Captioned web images
===

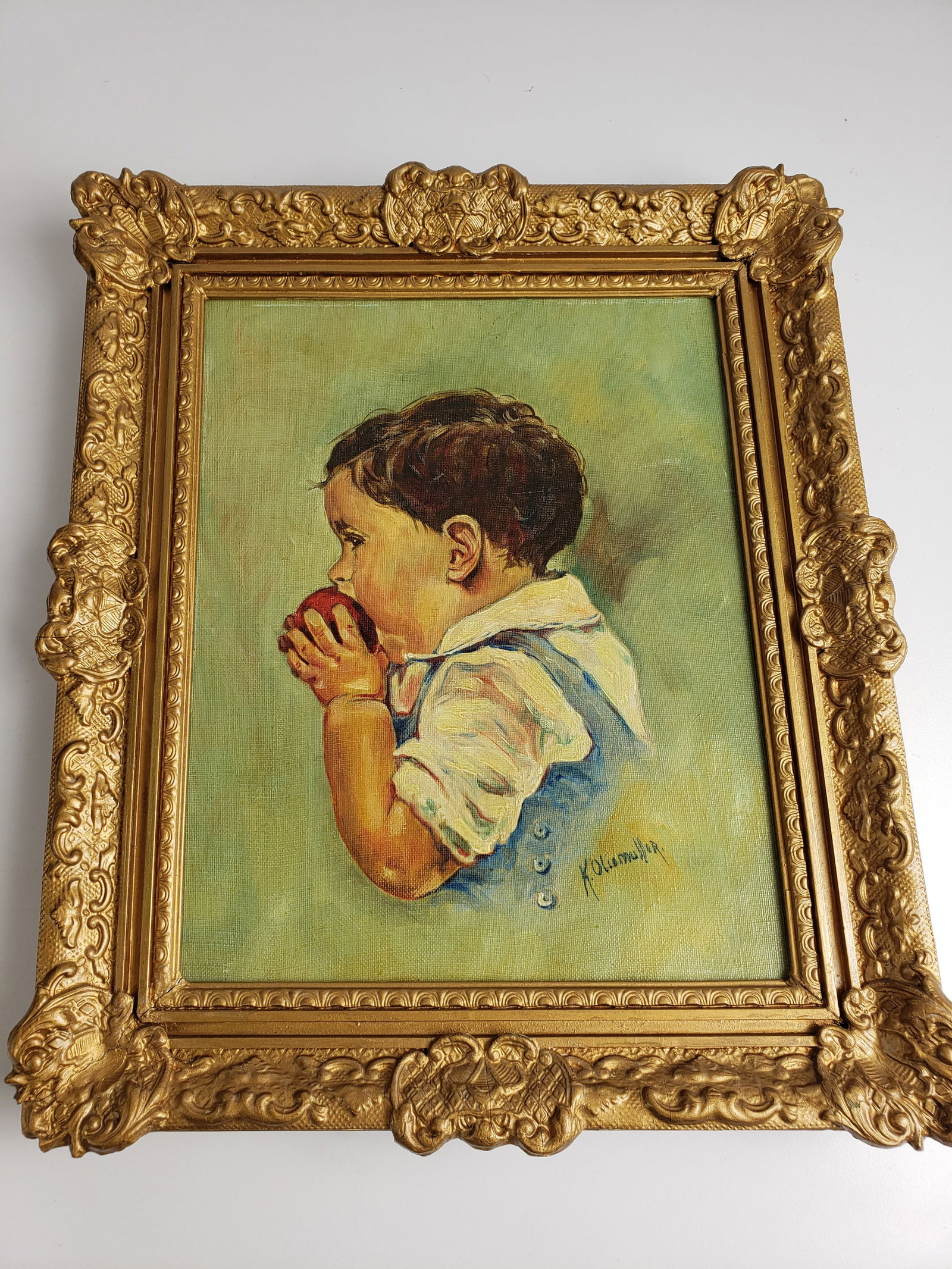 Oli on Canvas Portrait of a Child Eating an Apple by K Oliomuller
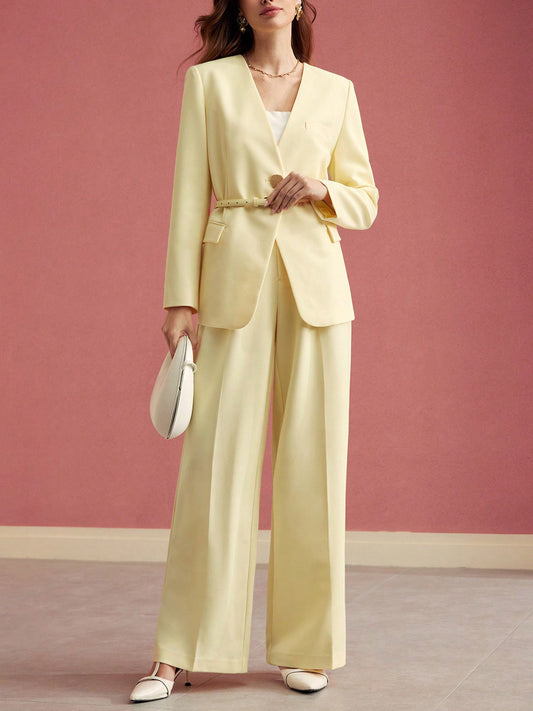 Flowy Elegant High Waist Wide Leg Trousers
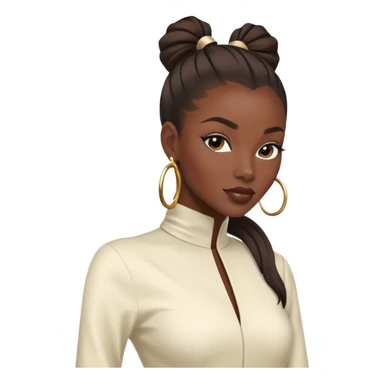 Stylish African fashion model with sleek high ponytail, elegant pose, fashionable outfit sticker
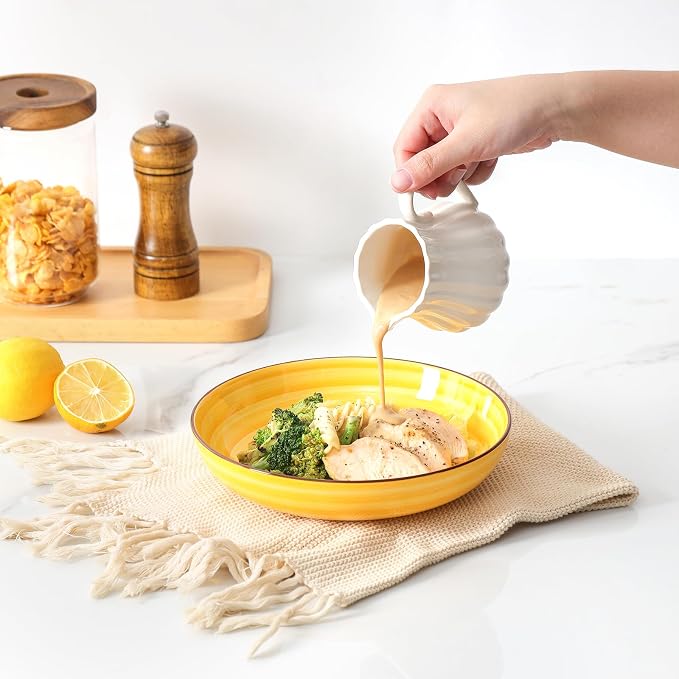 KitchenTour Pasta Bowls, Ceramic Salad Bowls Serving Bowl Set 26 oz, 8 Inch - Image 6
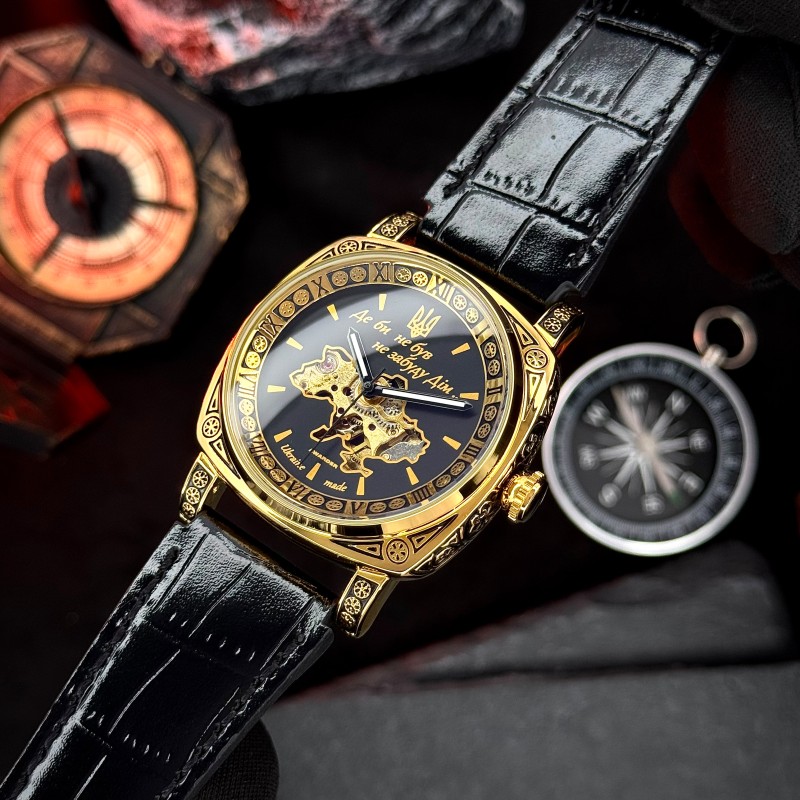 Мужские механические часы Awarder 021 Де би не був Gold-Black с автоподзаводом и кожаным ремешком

===

Retype the records above exactly, leaving every picture out of your copy.

 Oli on Canvas Portrait of a Child Eating an Apple by K Oliomuller
 Flowy Elegant High Waist Wide Leg Trousers
 Stylish African fashion model with sleek high ponytail, elegant pose, fashionable outfit sticker
 KitchenTour Pasta Bowls, Ceramic Salad Bowls Serving Bowl Set 26 oz, 8 Inch - Image 6
 Мужские механические часы Awarder 021 Де би не був Gold-Black с автоподзаводом и кожаным ремешком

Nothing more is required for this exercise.